Lambda in VPC deletion takes more time

17
votes

I have created a stack that lambda in VPC using cloud formation. When I try to delete the entire stack, it takes 40-45 minutes of time.

My Iam Role has the following permission:

Action:                            
          - ec2:DescribeInstances
          - ec2:CreateNetworkInterface
          - ec2:AttachNetworkInterface
          - ec2:DescribeNetworkInterfaces
          - ec2:DeleteNetworkInterface
          - ec2:DetachNetworkInterface
          - ec2:ModifyNetworkInterfaceAttribute
          - ec2:ResetNetworkInterfaceAttribute
          - autoscaling:CompleteLifecycleAction
          - iam:CreateRole
          - iam:CreatePolicy
          - iam:AttachRolePolicy
          - iam:PassRole
          - lambda:GetFunction
          - lambda:ListFunctions
          - lambda:CreateFunction
          - lambda:DeleteFunction
          - lambda:InvokeFunction
          - lambda:GetFunctionConfiguration
          - lambda:UpdateFunctionConfiguration
          - lambda:UpdateFunctionCode
          - lambda:CreateAlias
          - lambda:UpdateAlias
          - lambda:GetAlias
          - lambda:ListAliases
          - lambda:ListVersionsByFunction
          - logs:FilterLogEvents
          - cloudwatch:GetMetricStatistics

How to improve the deletion time of the stack?

1
aws-lambdaamazon-cloudformation
The VPC can't be deleted until the subnets can be deleted, and that can't happen until Lambda terminates all the containers and releases the ENIs it has claimed for them. Short of deleting those ENIs -- which I assume to be the cause of the hold-up, and which you might try deleting them manually in the console to see if it helps -- I don't know that you can hasten the process... but let's see if anyone has any other thoughts. - Michael - sqlbot
Hi Michael, The problem is not with deletion of VPC, it is deletion of the lambda deployed in custom VPC. The error i see that is holding is CloudFormation is waiting for NetworkInterfaces associated with the Lambda Function to be cleaned up. After 45 minutes, i see the entire stack is deleted, but just wanted if there are any solutions to wrap it up soon or this delay is expected? - Gowtham Chand

1 Answers

33
votes

When a Lambda function executes within your VPC, an Elastic Network Interface (ENI) is created in order to give it network access. You can think of an ENI as a virtual NIC. It has a MAC address and at least one private IP address, and is "plugged into" any resource that connects to the VPC network and has an IP address inside the VPC (EC2 instances, RDS instances, ELB, ALB, NLB, EFS, etc.).

While it does not appear to be explicitly documented, these interfaces as used by Lambda appear to be mapped 1:1 to container instances, each of which hosts one or more containers, depending on the size of each container's memory allocation.
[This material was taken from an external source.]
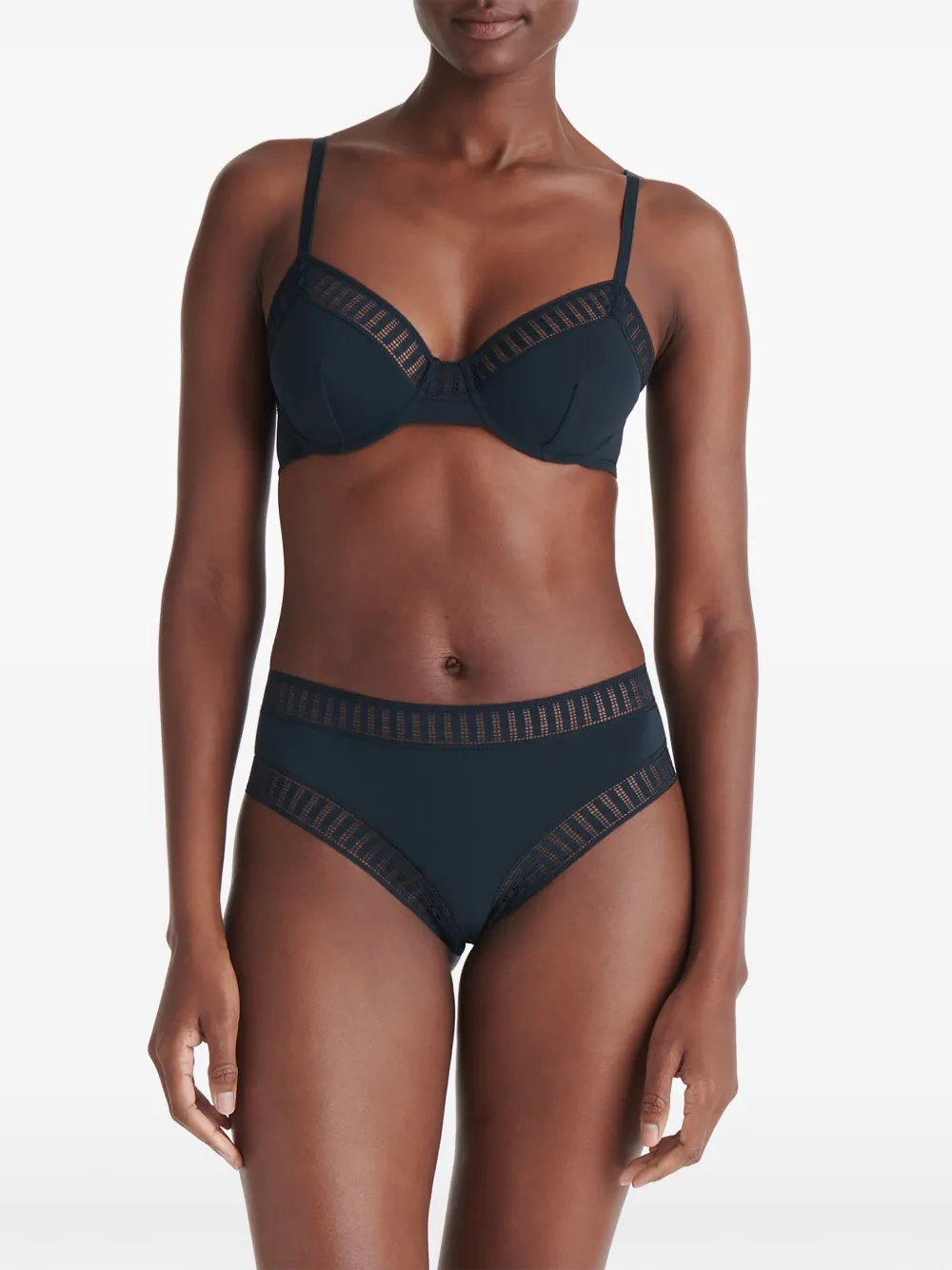 ERES Paulette bh met print Blauw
The algorithm Lambda uses for provisioning these machines is not documented, but there is a documented formula for approximating the number that Lambda will create:

You can use the following formula to approximately determine the ENI requirements.

Projected peak concurrent executions * (Memory in GB / 3GB)
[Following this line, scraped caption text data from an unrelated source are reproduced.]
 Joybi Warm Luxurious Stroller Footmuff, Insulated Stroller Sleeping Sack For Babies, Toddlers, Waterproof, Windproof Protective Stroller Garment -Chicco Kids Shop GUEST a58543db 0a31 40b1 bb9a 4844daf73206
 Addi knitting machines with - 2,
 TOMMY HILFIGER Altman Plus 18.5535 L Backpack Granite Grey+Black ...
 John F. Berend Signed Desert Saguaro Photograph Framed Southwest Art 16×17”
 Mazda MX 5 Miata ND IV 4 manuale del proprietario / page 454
https://docs.aws.amazon.com/lambda/latest/dg/vpc.htm

This formula suggests that you will see more ENIs if you have either high concurrency or large memory footprints, or fewer ENIs if neither of those conditions is true. (The reason for 3GB boundary seems to be based on the smallest instance Lambda appears to use, in the background, which is the m3.medium general purpose EC2 instance. You can't see these among your EC2 instances, and you are not billed for them.)

In any event, Lambda doesn't shut down containers or their host instances immediately after function execution because it might need them for reuse on subsequent invocations, and since containers (and their host instances) are not destroyed right away, neither are their associated ENIs. To do so would be inefficient. In any event, the delay is documented:

There is a delay between the time your Lambda function executes and ENI deletion.

http://docs.aws.amazon.com/lambda/latest/dg/vpc.html

This makes sense, when we consider that the Lambda infrastructure's priorities should be focused on making resources available as needed and keeping them available for quick access performance reasons -- so tearing things down again is a secondary consideration that the service attends to in the background.

In short, this delay is normal and expected.

Presumably, CloudFormation has used tags to identify these interfaces, since it isn't readily apparent how to otherwise distinguish among them.

ENIs are visible in the EC2 console's left hand navigation pane under Network Interfaces, so it's possible that you could delete these yourself and hasten the process... but note that this action, assuming the system allows it, needs to be undertaken with due caution -- because if you delete an ENI that is attached to a container instance that Lambda subsequently tries to use, Lambda will not know that the interface is missing and the function will time out or throw an error at least until Lambda decides to destroy the attached container instance.